Records from a data collection
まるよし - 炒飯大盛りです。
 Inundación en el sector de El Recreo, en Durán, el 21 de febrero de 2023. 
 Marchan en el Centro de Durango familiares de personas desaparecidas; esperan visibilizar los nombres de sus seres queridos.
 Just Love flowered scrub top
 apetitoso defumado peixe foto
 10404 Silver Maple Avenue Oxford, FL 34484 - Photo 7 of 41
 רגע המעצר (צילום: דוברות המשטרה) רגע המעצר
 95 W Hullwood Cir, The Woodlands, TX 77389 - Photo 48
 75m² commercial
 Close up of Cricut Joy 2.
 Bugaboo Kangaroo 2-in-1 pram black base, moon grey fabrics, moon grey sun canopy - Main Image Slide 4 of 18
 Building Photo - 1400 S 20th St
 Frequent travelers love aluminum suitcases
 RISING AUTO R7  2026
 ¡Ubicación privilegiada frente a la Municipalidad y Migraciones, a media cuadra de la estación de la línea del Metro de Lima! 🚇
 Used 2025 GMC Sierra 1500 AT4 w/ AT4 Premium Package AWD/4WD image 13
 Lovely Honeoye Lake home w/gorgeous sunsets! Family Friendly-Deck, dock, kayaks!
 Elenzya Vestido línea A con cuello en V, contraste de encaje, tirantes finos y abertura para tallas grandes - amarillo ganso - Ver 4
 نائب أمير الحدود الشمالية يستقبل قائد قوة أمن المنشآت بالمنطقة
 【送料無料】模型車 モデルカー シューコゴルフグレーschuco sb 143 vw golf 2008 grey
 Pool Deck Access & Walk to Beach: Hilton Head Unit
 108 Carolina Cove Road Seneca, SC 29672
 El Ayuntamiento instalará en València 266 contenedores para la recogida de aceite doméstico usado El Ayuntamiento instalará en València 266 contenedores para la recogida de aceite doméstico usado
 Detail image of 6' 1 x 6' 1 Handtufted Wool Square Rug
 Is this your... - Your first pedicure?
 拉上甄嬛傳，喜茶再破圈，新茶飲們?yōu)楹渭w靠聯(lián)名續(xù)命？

__Activity__: Give the records back in full, word for word.

__Response box__:
まるよし - 炒飯大盛りです。
 Inundación en el sector de El Recreo, en Durán, el 21 de febrero de 2023. 
 Marchan en el Centro de Durango familiares de personas desaparecidas; esperan visibilizar los nombres de sus seres queridos.
 Just Love flowered scrub top
 apetitoso defumado peixe foto
 10404 Silver Maple Avenue Oxford, FL 34484 - Photo 7 of 41
 רגע המעצר (צילום: דוברות המשטרה) רגע המעצר
 95 W Hullwood Cir, The Woodlands, TX 77389 - Photo 48
 75m² commercial
 Close up of Cricut Joy 2.
 Bugaboo Kangaroo 2-in-1 pram black base, moon grey fabrics, moon grey sun canopy - Main Image Slide 4 of 18
 Building Photo - 1400 S 20th St
 Frequent travelers love aluminum suitcases
 RISING AUTO R7  2026
 ¡Ubicación privilegiada frente a la Municipalidad y Migraciones, a media cuadra de la estación de la línea del Metro de Lima! 🚇
 Used 2025 GMC Sierra 1500 AT4 w/ AT4 Premium Package AWD/4WD image 13
 Lovely Honeoye Lake home w/gorgeous sunsets! Family Friendly-Deck, dock, kayaks!
 Elenzya Vestido línea A con cuello en V, contraste de encaje, tirantes finos y abertura para tallas grandes - amarillo ganso - Ver 4
 نائب أمير الحدود الشمالية يستقبل قائد قوة أمن المنشآت بالمنطقة
 【送料無料】模型車 モデルカー シューコゴルフグレーschuco sb 143 vw golf 2008 grey
 Pool Deck Access & Walk to Beach: Hilton Head Unit
 108 Carolina Cove Road Seneca, SC 29672
 El Ayuntamiento instalará en València 266 contenedores para la recogida de aceite doméstico usado El Ayuntamiento instalará en València 266 contenedores para la recogida de aceite doméstico usado
 Detail image of 6' 1 x 6' 1 Handtufted Wool Square Rug
 Is this your... - Your first pedicure?
 拉上甄嬛傳，喜茶再破圈，新茶飲們?yōu)楹渭w靠聯(lián)名續(xù)命？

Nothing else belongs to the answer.